__RECORDS SHOWN__.
Start of Block

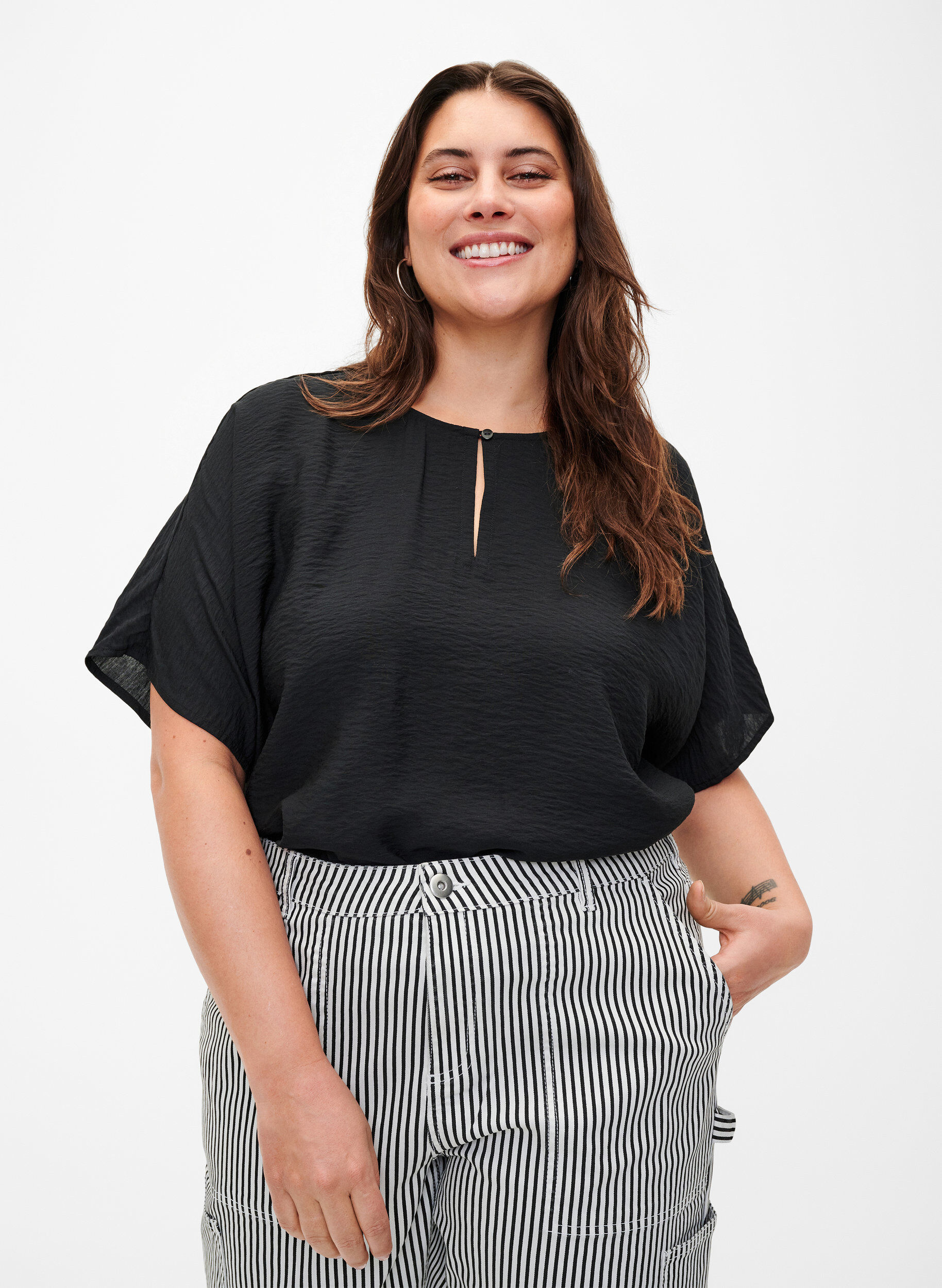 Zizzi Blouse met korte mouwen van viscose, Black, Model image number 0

End of Block
Start of Block

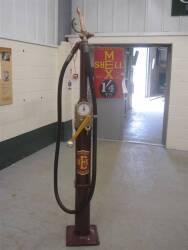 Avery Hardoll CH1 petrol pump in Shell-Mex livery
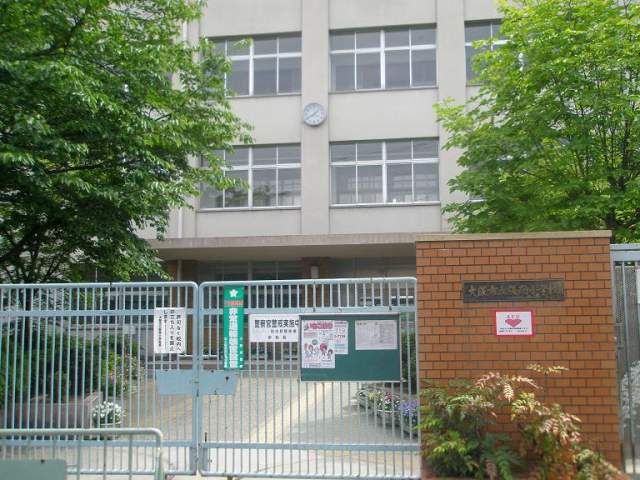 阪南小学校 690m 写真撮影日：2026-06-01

End of Block

__WHAT TO WORK ON__.
Nothing but the lines above from the line with "Avery Hardoll CH1" up to and including the line with "阪南小学校 690m 写真撮影日：2026-06-01" should be returned, exactly as written and without pictures.

__TASK SOLUTION__.
 Avery Hardoll CH1 petrol pump in Shell-Mex livery
 阪南小学校 690m 写真撮影日：2026-06-01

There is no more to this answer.